Le tribunal de commerce de Pontoise, par un jugement du 19 décembre 2025, a statué sur une demande de renouvellement de période d’observation. Une procédure de redressement judiciaire avait été ouverte le 23 juin 2025 à l’encontre d’une société exploitant une activité d’hébergement. La période d’observation initiale de six mois avait été prolongée une première fois jusqu’au 23 décembre 2025. L’administrateur judiciaire a ensuite sollicité un second renouvellement pour six mois supplémentaires. La question de droit portait sur la possibilité de renouveler une période d’observation au-delà du premier terme légal. Le tribunal a fait droit à la requête en ordonnant une nouvelle prolongation de six mois à compter du 23 décembre 2025.
La décision affirme que le renouvellement de la période d’observation est possible une seconde fois sur demande motivée.
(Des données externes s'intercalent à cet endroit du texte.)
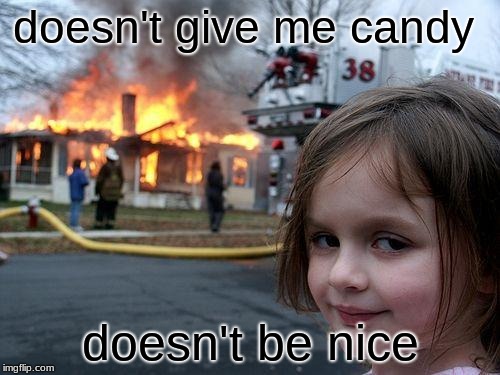 Disaster Girl Meme | doesn't give me candy; doesn't be nice | image tagged in memes,disaster girl | made w/ Imgflip meme maker
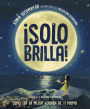 ¡Solo brilla! Cómo ser la mejor versión de ti mismo (Just Shine! How to Be a Better You Spanish Edition) (Signed Book)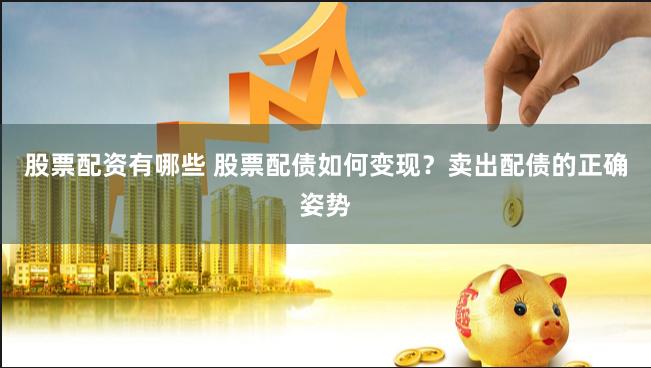 股票配资有哪些 股票配债如何变现？卖出配债的正确姿势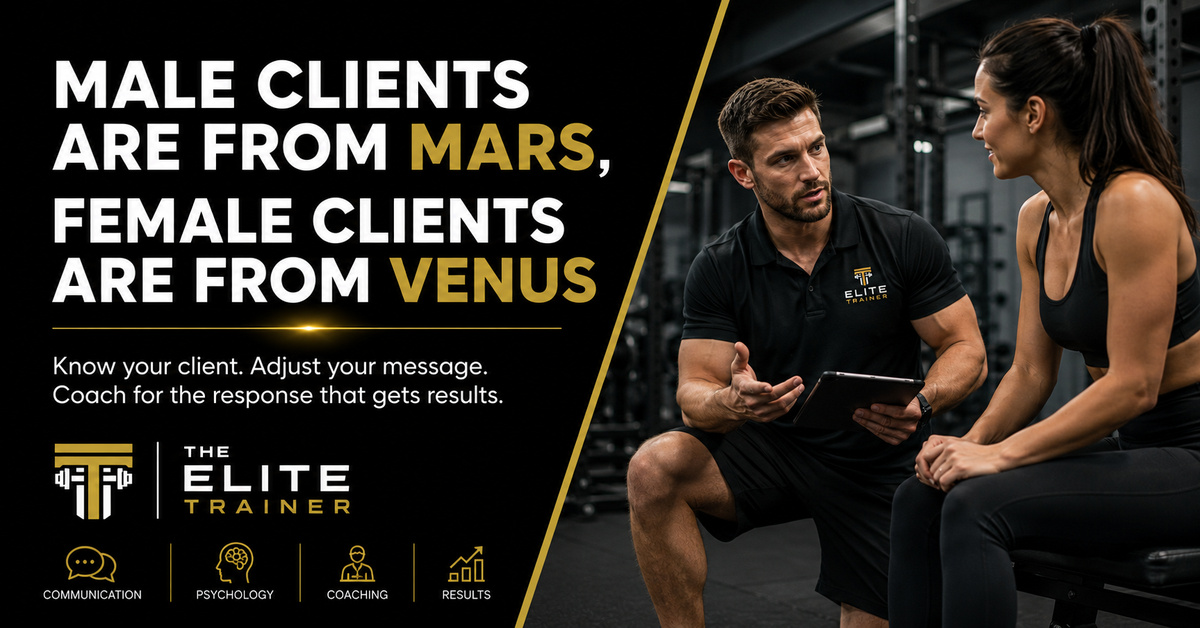 Male Clients Are From Mars, Female Clients Are From Venus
Le tribunal rappelle que la période d’observation est renouvelable une fois par décision du tribunal à la demande de l’administrateur, du débiteur ou du procureur de la République. Il applique ici les articles L621-3 et R621-9 du code de commerce sans restriction explicite. La formulation retenue par les juges consacre une interprétation souple de la règle légale. Elle permet ainsi d’éviter une rupture brutale de la procédure collective lorsque des perspectives sérieuses de redressement existent. Cette solution valorise l’objectif de sauvegarde de l’entreprise contenu dans le livre VI du code de commerce.
La valeur de cette interprétation réside dans son pragmatisme face aux difficultés concrètes des entreprises en redressement.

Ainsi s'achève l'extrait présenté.